L’absence de droit de visite, les humiliations et les violences de certains gendarmes – Drancy est alors administré par le préfet de police – augmentent encore la détresse des internés. Incapable de gérer la situation sanitaire, une commission médicale allemande libère en novembre 1941 près de 1 000 internés, parmi les plus jeunes ou les plus malades.

De décembre 1941, jusqu’en mars 1942, des otages sont extraits du camp pour être fusillés au Mont-Valérien ou déportés en représailles aux actions de la Résistance.

A l’été 1942, la cité de la Muette, située à proximité de deux gares devient un camp de transit, la plaque tournante de la déportation des Juifs de France vers les camps d’extermination. Près de 63 000 Juifs sont déportés depuis le camp de Drancy, de la gare du Bourget-Drancy puis de la gare de Bobigny, principalement
à destination d’Auschwitz-Birkenau.

Le fichier des noms est sauvé des flammes

Au début de l’été 1944, devant la progression des forces alliées, des milliers de Juifs sont acheminés à Drancy depuis les villes du Sud pour être déportés.

Le dernier convoi part de Drancy le 17 août 1944. Les déportés sont emmenés à pied à la gare de Bobigny par le nazi Aloïs Brunner qui a pris la direction du camp un an plus tôt. En partant ses hommes brûlent les archives du camp. Mais deux internés parviennent à sauver le fichier des noms. Le camp est alors confié à la Résistance. Le 20 août, les derniers internés sont libérés.

Après la libération de Paris, le camp de Drancy est utilisé pour la détention des personnes suspectées de collaboration, comme l’écrivain et metteur en scène Sacha Guitry, la cantatrice Germaine Lubin ou encore Pierre Taittinger, président du conseil municipal de Paris de mai 1943 à août 1944.

Lieu d’histoire, lieu de mémoire

Monument de Shelomo Selinger appelé à perpétuer la mémoire des Juifs enfermés dans le camp de Drancy

Monument de Shelomo Selinger appelé à perpétuer la mémoire des Juifs enfermés dans le camp de Drancy

Dès 1946, de grandes commémorations initiées par d’anciens internés rescapés d’Auschwitz-Birkenau ont lieu à Drancy. À partir de 1948, les immeubles retournent progressivement à leur destination première.
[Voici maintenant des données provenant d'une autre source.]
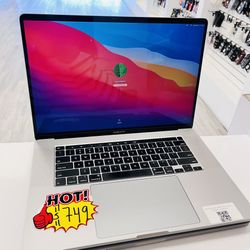 MacBook Pro 16 Inch 2019 Core I7 16gb Ram 2tb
La Cité est débarrassée des barbelés et des miradors, les appartements accueillent des locataires.

Des années 1950 aux années 1980 commence le lent travail d’intégration de la Shoah à la mémoire nationale, avec les témoignages des déportés, peu écoutés, les associations qui militent pour la construction d’un mémorial à Drancy.

Le monument commémoratif réalisé par le sculpteur Shlomo Selinger est ainsi inauguré en 1976, le wagon du souvenir en 1988. En 2001, la cité est classée parmi les sites et monuments protégés de France.
Le 23 septembre 2012, à l’initiative de la Fondation pour la mémoire de la Shoah, le Mémorial de la Shoah de Drancy ouvre ses portes.